In regard to obstetrical analgesia management there are different results related to the use of epidural analgesia versus mechanical adverse outcomes at delivery.
Cohort study of 23,183 consecutive, term, singleton vaginal deliveries, including spontaneous and induced labours, at a single institution from January 2004 to June 2016 to determine the association between epidural analgesia and different mechanical complications affecting maternal health such as severe perineal tears (SPT), abnormal foetal head position at delivery, instrumental delivery and caesarean section (CS).
Multivariate logistic regression models were constructed to evaluate the risk factors of these mechanical complications with respect to possible cofounders.

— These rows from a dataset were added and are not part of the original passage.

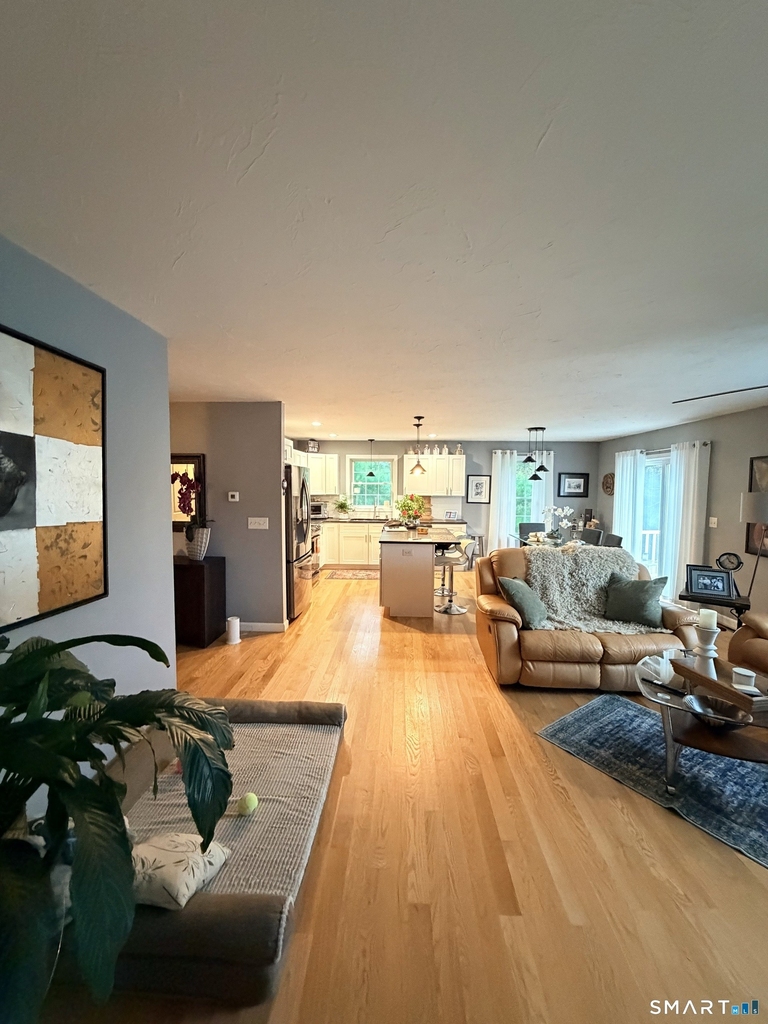 27 Hummingbird Way - Photo 1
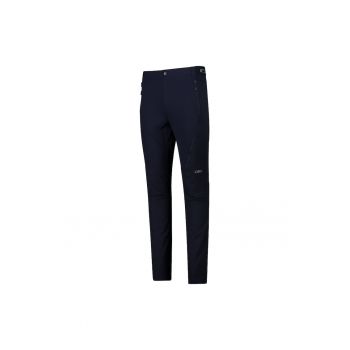 Pantaloni trekking barbati  33T6647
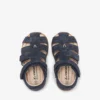 3250605 (6) VIKING SANDALI ALV LONN MODRI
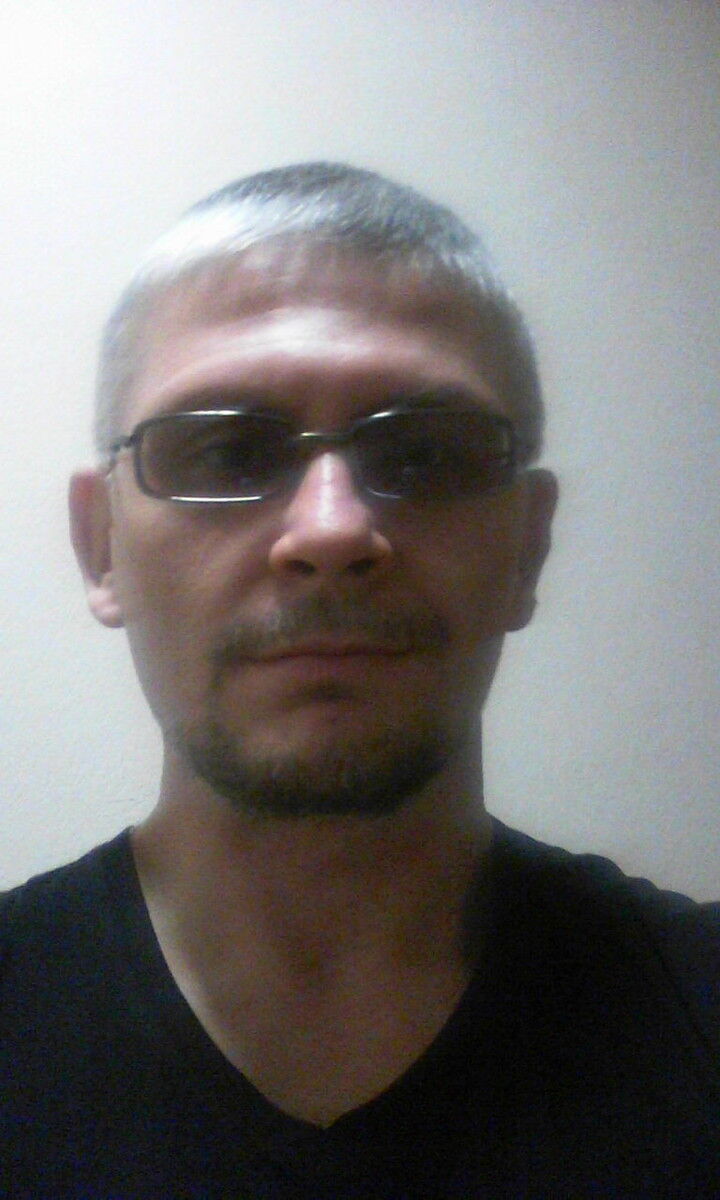  10941250  , 45 ,    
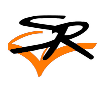 logo Saint Rémi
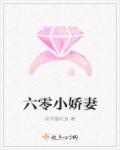六零小娇妻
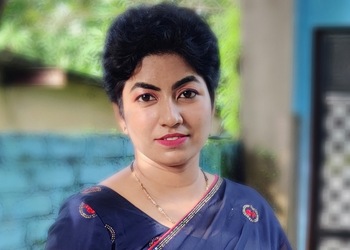Dr-pradnya-joshi-Dermatologist-doctors-Thane-Maharashtra-3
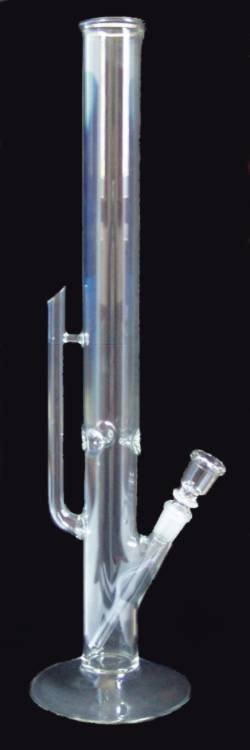glass-water-bong-5.jpg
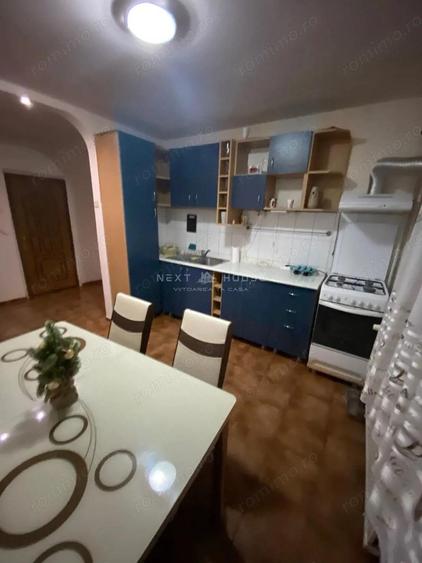 Apartament 13 Septembrie - Prosper - 2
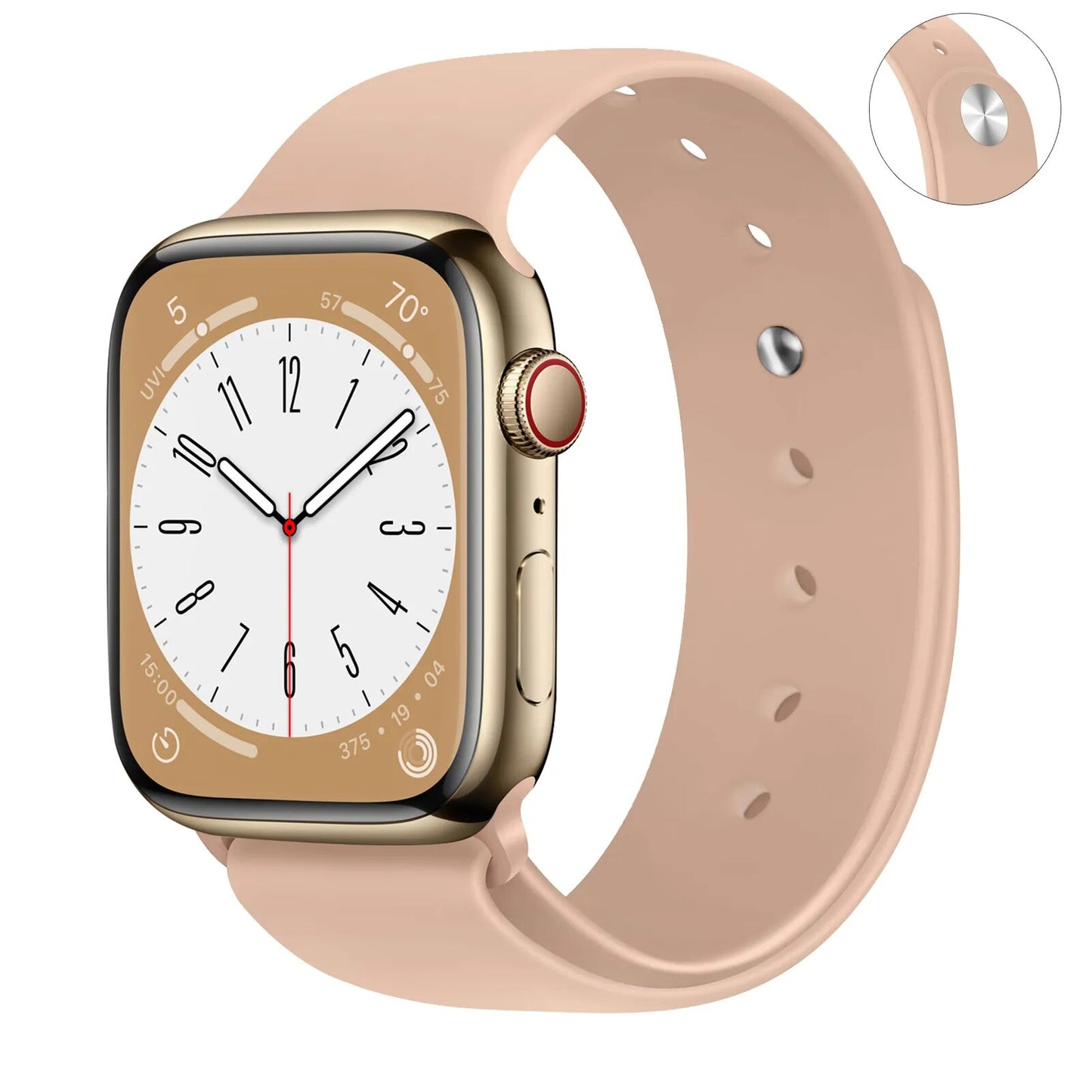 46855064420640|46855064486176|46855064518944|46855064584480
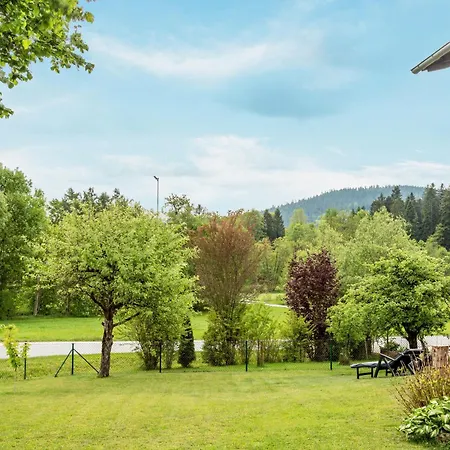 Relax Wegscheid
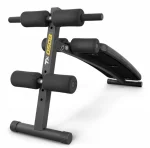 Тренувальна лава Trex Sport TX-050B -Максимальна підтримка та комфорт для ефективних тренувань - Зображення 2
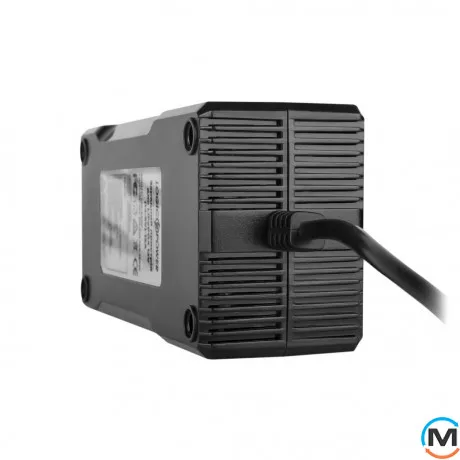 Зарядний пристрій LogicPower для Акумулятор LogicPower LiFePO4 12V (14.6V)-12A-144W, фото , зображення 3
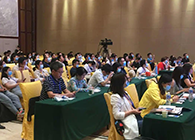 【聚会剪影】邀您一览本月BBIN游戏亮相各大聚会的风范
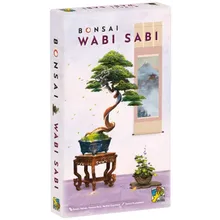 Preporučeni proizvod: Bonsai Wabi Sabi Expansion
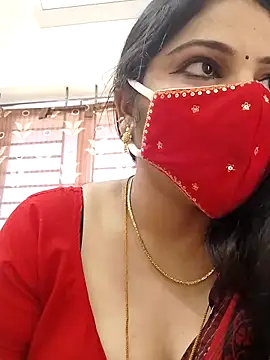 tamilrojaodi online show from April 21, 2026, 3:13 am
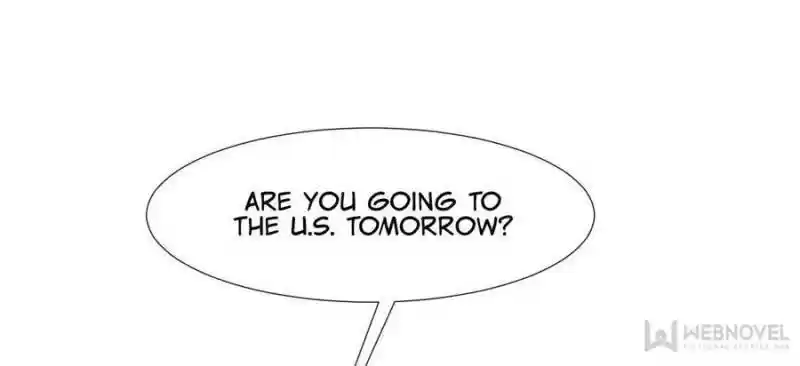 Prince Charming’S Lovely Gaze Chapter 74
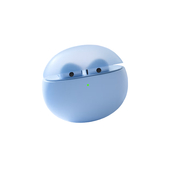 Беспроводные наушники OPPO Enco Air 2, USB Type-C, синие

Epidural analgesia was used in 15,821 (68.24%) women. The logistic regression model showed a non-significant association between the use of epidural analgesia and SPT (odds ratio [OR], 078; 95% confidence interval [CI], 0.48–1.26; p = 0.310). Instrumental delivery and CSs were more frequently performed in cases than controls (p = < 0.001), with OR of 1.19 (95% CI: 1.10–1.29) for CS and with OR of 3.27 (95% CI: 2.93–4.61) for instrumental delivery. The abnormal foetal position head at delivery were significantly lower in the neonates delivered without epidural analgesia compared with those in which epidural analgesia was used (p < 0.001) with OR of 1.43 (95% CI:1.27–1.72).
Epidural analgesia is not associated with an increase of SPT, but it was an independent risk factor for instrumental delivery, CS and abnormal foetal head position at delivery.